本論文初步探討以應力波主動偵測結構系統內部損傷的可行性及波傳理論基礎。結構在使用期間受到外在負荷作用而致使材料內部損傷，使得結構的有效勁度減損，由勁度矩陣係數的減損量可以評估結構損傷的方向性及嚴重程度。本文將結構損傷區域視為均勻之異質內嵌散射體，以時諧波傳的散射公式及 Born 近似理論，計算散射體外部母材結構的散射波傳，模擬實驗量測資料。為簡化計算模型，本文以一維橫向 SH 剪力波在兩種介質組成之結構內的波傳為對象，應用簡單體法反算出散射體的幾何尺寸及剪力模數的減損。數值模擬結果顯示散射體的幾何尺寸會影響均質散射體之勁度矩陣係數的反算收斂值。由於 Born 近似的精確度與波長相對散射體特徵長度比值成正比，散射體尺寸愈大，Born 近似的精確度會下降，結構損傷所造成的勁度減損估計值也會較小，以致收斂誤差較大，因此結構損傷尺寸宜先行鑑別。

An investigation of the feasibility and theoretical background for active damage detection of smart structures by SH waves is presented in the thesis.

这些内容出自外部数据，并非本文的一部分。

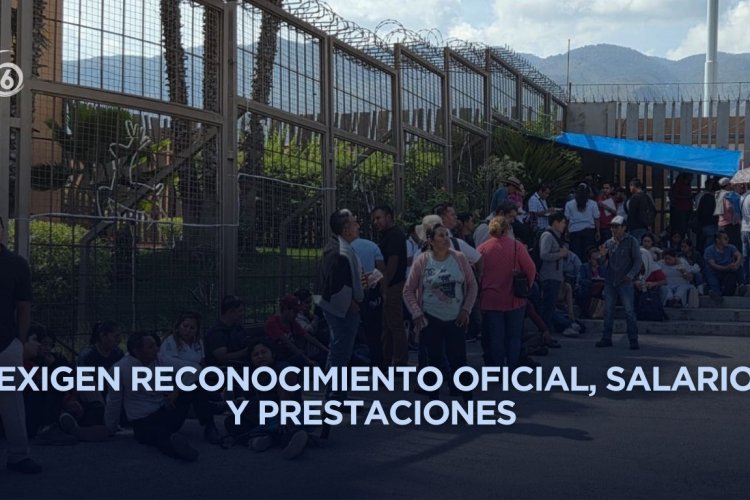 Protestan maestros de preparatorias populares de Guerrero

Structural damages due to in-service loading often result in degradation of the effective stiffness. The degradation in stiffness components relates to severity and orientations of the damages. In this study, the damaged region was modeled as a homogeneous inclusion with material properties different from those of the matrix. The scattered waves from the heterogeneous inclusion carry information about stiffness and dimension of the obstacle. They were formulated by scattering formula for time-harmonic waves in two-component systems. An inversion scheme based on simplex was used to seek the optimal values of stiffness and dimension of the obstacle. The data for inversion were given by the scattered waves simulated by scattering formula. Numerical investigation showed that dimension of the scatterer had significant influence on the convergence of the stiffness by use of the Born approximation if both dimension and stiffness were inverse parameters. The Born approximation achieved better accuracy only for larger ratio of wavelength to characteristic length of the obstacle. Poor estimations of the degradation of stiffness were caused by large obstacle dimension. It concludes that the damaged area must be identified before inversion for stiffness degradation.